Levels of staffing, expressed as bodies per resident, may not tell the whole story. Schnelle's findings also indicate that professional staffing levels, which have been shown elsewhere to correspond with measures of quality (Bliesmer 1998), did not distinguish among a variety of measures designed to reflect the roles that professional nurses might be expected to play. In other words, for more complex tasks, a nurse is not a nurse; the quantity of nurses is not the crucial issue. Other factors determine the effectiveness of professional nursing performance. These may include the quality and training or experience of the individuals or they may depend on the way care is organized, for example, the level of informational support systems in use. Here we are left with more questions than answers.

On the one hand, nursing homes have more systematic data available than any other form of health care. The implementation of the MDS has been a major accomplishment. The intensity of this activity is prompted by a concern that quality in this sector is a particular problem. On the other hand, the initial foray was directed at examining those aspects of care that could be reported by staff. The plans for the next generation of the MDS (MDS 3.0) call for expanding the inquiry to address elements that will require direct examination of residents' perceptions about care. Studies like Schnelle's are helpful in identifying the problems but they do not offer a mechanism for ongoing surveillance. The challenge facing the redesign of the MDS is to create a method that will produce credible information that is also actionable.

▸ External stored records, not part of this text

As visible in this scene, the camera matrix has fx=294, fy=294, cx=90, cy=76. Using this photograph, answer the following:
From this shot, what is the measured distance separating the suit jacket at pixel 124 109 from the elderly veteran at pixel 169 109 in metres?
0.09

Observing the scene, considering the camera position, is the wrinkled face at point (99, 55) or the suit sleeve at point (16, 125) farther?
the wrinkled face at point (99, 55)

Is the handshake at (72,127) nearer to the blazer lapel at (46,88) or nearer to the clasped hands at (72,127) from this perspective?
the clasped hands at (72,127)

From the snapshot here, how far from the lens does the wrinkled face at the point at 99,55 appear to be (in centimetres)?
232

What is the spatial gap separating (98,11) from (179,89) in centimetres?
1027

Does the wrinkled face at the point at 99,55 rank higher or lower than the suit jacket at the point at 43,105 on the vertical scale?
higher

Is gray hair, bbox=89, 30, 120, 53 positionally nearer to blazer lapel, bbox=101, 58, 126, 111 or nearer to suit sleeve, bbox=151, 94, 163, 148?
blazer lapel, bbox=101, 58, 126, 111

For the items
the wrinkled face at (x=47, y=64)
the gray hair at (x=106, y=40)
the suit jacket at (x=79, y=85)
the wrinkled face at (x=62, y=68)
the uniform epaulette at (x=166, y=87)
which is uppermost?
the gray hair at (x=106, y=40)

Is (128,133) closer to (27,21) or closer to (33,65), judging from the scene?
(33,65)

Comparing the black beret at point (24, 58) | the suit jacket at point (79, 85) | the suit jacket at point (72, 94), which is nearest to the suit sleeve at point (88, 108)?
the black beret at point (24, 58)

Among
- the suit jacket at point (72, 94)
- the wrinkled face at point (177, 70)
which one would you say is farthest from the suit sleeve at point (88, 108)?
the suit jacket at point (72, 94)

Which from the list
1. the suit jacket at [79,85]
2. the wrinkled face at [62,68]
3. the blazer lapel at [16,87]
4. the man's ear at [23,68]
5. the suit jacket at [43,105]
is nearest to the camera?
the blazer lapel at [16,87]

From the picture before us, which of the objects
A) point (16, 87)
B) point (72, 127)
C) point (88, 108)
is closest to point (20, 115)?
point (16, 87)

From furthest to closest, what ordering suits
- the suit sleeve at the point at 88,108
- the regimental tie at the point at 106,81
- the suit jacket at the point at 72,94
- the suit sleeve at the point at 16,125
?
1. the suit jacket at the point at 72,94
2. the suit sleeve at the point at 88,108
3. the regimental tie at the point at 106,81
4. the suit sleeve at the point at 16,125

If more staffing is needed in nursing homes to meet even basic needs, the costs of such care will increase substantially. Perhaps this is the moment to reevaluate the place of the nursing home in the spectrum of long-term care. Just as hospitals became more specialized and increased the proportion of intensive care unit beds as care became more complex, while reducing hospital admissions and lengths of stay, so too may nursing homes come to occupy a different place in long-term care. Such care may be best targeted to those who need intensive support, leaving many former nursing residents to obtain care in the community through improved programs of home care, some of which may be combined with residential services (Zimmerman et al. 2003; Kane and Wilson 1993; Wilson 1993). Nursing homes have responded to market opportunities. In responding, they have tried to be all things to all people. As the pressure to shorten hospital stays grew, they offered themselves as sources of postacute care. But the same institutions may not be equally appropriate in providing the more intensive rehabilitative services required for postacute care and the supportive life-affecting models of extended care (Kramer et al. 1997; Kane et al. 1996). Some degree of institutional specialization may offer a better blueprint. Discussions about the effect of staffing must first decide what kind of care they are staffing for. Both the numbers of personnel needed and the types of such staff will likely vary with the clinical and social challenges different types of care present.